JofA: Your association has launched an initiative called the Business Roundtable Institute for Corporate Ethics. Can you describe this effort and how the accounting profession can participate in the process?

Castellani: The newly created institute is designed to solidify ethics in the decision making of every current and future business leader. Business Roundtable believes responsibility starts at the top. Since no law or regulation alone can guarantee adherence to sound principles and ethical behavior, our members want to provide leadership in this area and enhance the ability of business leaders to deal with ethical challenges. Part of what the institute will do is put leading professionals from the fields of ethics and business together with business school students. The Roundtable would welcome participation of the AICPA and the accounting profession in the institute’s program.
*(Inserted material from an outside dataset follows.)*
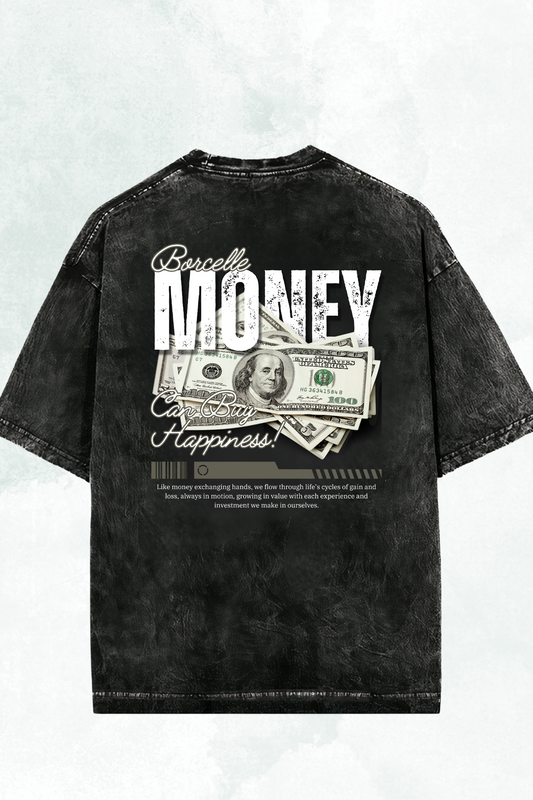 Vintage Money Streetwear Oversized T-shirt (Acid Wash)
Accounting professionals could make a valuable contribution by providing insight into the nature of their work and the ethical challenges they face in auditing public companies.

JofA: Shareholder activism is creating headlines every day. Groups such as Calpers are demanding more direct involvement in corporate boards of directors. How is Business Roundtable addressing this issue?

Castellani: It has been active on a number of fronts. It commented on several SEC rule proposals addressing the proxy process as it relates to the nomination and election of directors. It supported new SEC rules that expand the proxy disclosures companies must make about their director nominations processes and the procedures they have in place for shareholders to communicate with the board of directors. In contrast it opposed the SEC’s proposed director election rules, believing they would result in sweeping, harmful changes in corporate governance practices while failing to achieve the SEC’s objective of improving the proxy process at unresponsive companies.

In addition Business Roundtable believes increased shareholder activism has heightened the need for companies to communicate effectively with shareholders. Accordingly, in April the association submitted a rule-making petition to the SEC asking it to conduct a thorough review of the current system used to communicate with shareholders, which provides companies with only a limited ability to communicate directly with stockholders whose shares are held through brokers and banks. At the same time we have concerns that some of the actions that have been labeled “shareholder activism” really are instances of special interest groups pushing political agendas for purposes that are not for the benefit of the broad base of shareholders and that are not related to improving corporate governance.

JofA: We see many common interests between the accounting profession and Business Roundtable, particularly with respect to issues it’s managing on behalf of its members. Are there any other critical issues AICPA members should be aware of?

Castellani: Consolidation of the accounting profession is an issue both companies and auditors need to be concerned about. The ability of CPA firms to continue to provide nonaudit services also is an area of concern, in part due to consolidation of the profession, but also because Sarbanes-Oxley gives the PCAOB the authority to prohibit auditors from providing nonaudit services to public companies other than those listed in the statute to their audit clients. In addition the requirement to rotate lead and concurring audit partners is likely to pose challenges for companies and auditors alike as they work to provide for the transfer of institutional knowledge about audit clients and an orderly transition to new engagement leadership.

While Business Roundtable CEOs believe there has been a tremendous sea change in our system of corporate governance over the past two years, we recognize that we must continue to work to restore and maintain public confidence in our marketplace. We look forward to working with the AICPA toward that end.